Centre d'Art Contemporain, Châteauvert (Var)
Du 8 juillet au 25 novembre 2018






mercredi 4 juillet 2018

Picasso et les contemporains, éloge de la fabrique


Musée de Vence, du 23 juin au 28 octobre 2018




Aura-t-on jamais élucidé les mystères d'une œuvre qui défia son époque tant elle ne cessa de se déporter vers d'autres territoires dès lors qu'elle frisait la perfection et que ce qu'elle proclamait devait inéluctablement se développer dans cet ailleurs que Picasso, sans relâche, arpenta ? Le maître espagnol ne s'interdisait rien : le monde des apparences lui appartenait et nul autre que lui ne parvenait ainsi à en lui arracher la peau, à l'éviscérer pour en restituer les formes et les couleurs. Celles d'un monde qui crie sa vérité en même temps qu'il  résonne encore en nous quand nous sommes confrontés à lui.

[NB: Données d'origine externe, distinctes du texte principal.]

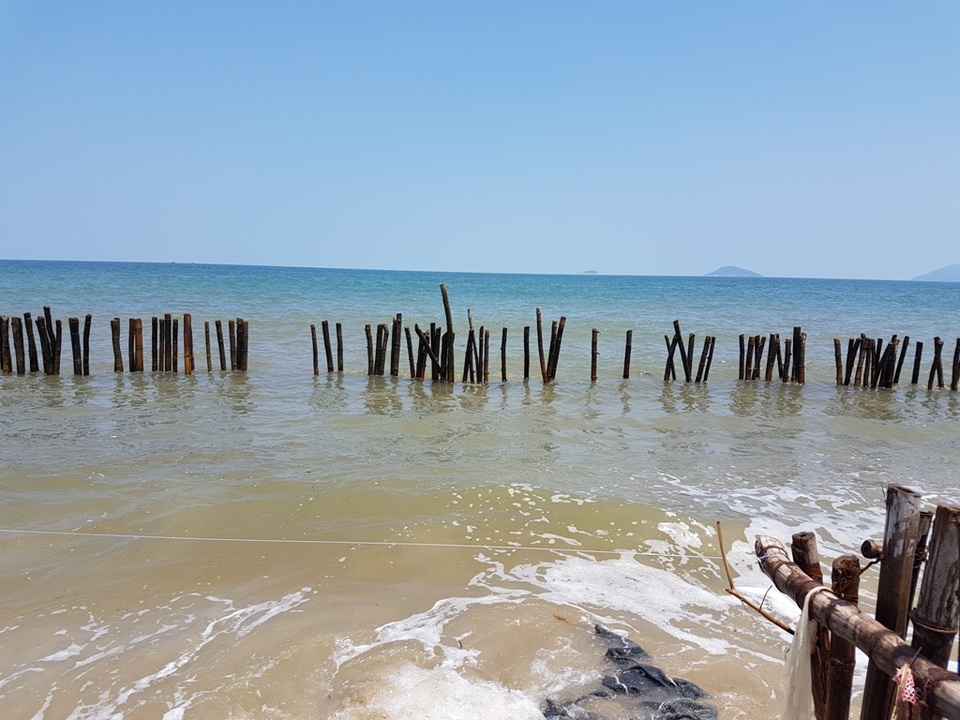 Biển đã xâm thực vào sâu hàng chục mét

Ce sont ces résonances-là que d'autres artistes désormais amplifient en les laissant percevoir dans leurs propres œuvres. Il ne s'agit pourtant pas pour eux de citer ou de copier Picasso mais plutôt de se mesurer à cette volonté d'absorber le monde par le recours à tous les matériaux, à tous les procédés, en se jouant de tous les styles et savoir faire. Car Picasso était aussi un artisan, un bricoleur, il savait  que chaque chose porte sa part de dignité.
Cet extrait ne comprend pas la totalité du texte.